● Exercise instructions:
When you reach the line containing "965 Houston Mill" in the entries below, begin reproducing lines exactly, and stop once the line containing "Organic non dairy" is done.

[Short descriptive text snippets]

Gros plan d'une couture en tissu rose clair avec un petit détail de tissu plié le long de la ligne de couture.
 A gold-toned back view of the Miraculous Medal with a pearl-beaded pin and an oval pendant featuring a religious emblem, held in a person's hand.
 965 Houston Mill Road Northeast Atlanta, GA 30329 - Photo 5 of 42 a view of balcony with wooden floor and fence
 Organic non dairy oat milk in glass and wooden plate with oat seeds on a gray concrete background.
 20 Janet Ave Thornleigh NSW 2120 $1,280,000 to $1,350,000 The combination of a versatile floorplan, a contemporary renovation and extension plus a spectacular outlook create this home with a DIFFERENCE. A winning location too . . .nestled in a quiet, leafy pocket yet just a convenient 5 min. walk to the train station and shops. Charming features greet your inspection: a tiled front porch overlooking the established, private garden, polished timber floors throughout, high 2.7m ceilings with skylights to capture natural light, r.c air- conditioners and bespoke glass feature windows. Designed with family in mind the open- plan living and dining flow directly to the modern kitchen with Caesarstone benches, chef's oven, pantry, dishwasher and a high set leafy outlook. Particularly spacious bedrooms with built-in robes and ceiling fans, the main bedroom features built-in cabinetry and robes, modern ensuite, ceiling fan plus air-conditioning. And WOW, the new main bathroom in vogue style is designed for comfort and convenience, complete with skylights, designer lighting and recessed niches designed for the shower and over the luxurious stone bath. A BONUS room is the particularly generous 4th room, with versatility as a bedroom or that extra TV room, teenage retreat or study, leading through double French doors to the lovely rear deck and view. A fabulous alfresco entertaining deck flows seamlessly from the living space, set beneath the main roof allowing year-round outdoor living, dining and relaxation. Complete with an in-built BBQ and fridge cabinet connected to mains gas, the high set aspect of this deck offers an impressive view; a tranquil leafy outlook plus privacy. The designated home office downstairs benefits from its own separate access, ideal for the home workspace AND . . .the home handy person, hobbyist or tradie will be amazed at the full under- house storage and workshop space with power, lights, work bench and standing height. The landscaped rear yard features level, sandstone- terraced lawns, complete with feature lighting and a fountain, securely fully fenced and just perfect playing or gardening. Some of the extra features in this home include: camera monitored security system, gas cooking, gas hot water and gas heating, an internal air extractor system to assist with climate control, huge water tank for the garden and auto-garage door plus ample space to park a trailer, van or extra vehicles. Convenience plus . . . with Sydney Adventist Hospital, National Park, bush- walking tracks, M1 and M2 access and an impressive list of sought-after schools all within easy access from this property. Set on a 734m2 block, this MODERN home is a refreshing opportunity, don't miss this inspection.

● Your solution:
 965 Houston Mill Road Northeast Atlanta, GA 30329 - Photo 5 of 42 a view of balcony with wooden floor and fence
 Organic non dairy oat milk in glass and wooden plate with oat seeds on a gray concrete background.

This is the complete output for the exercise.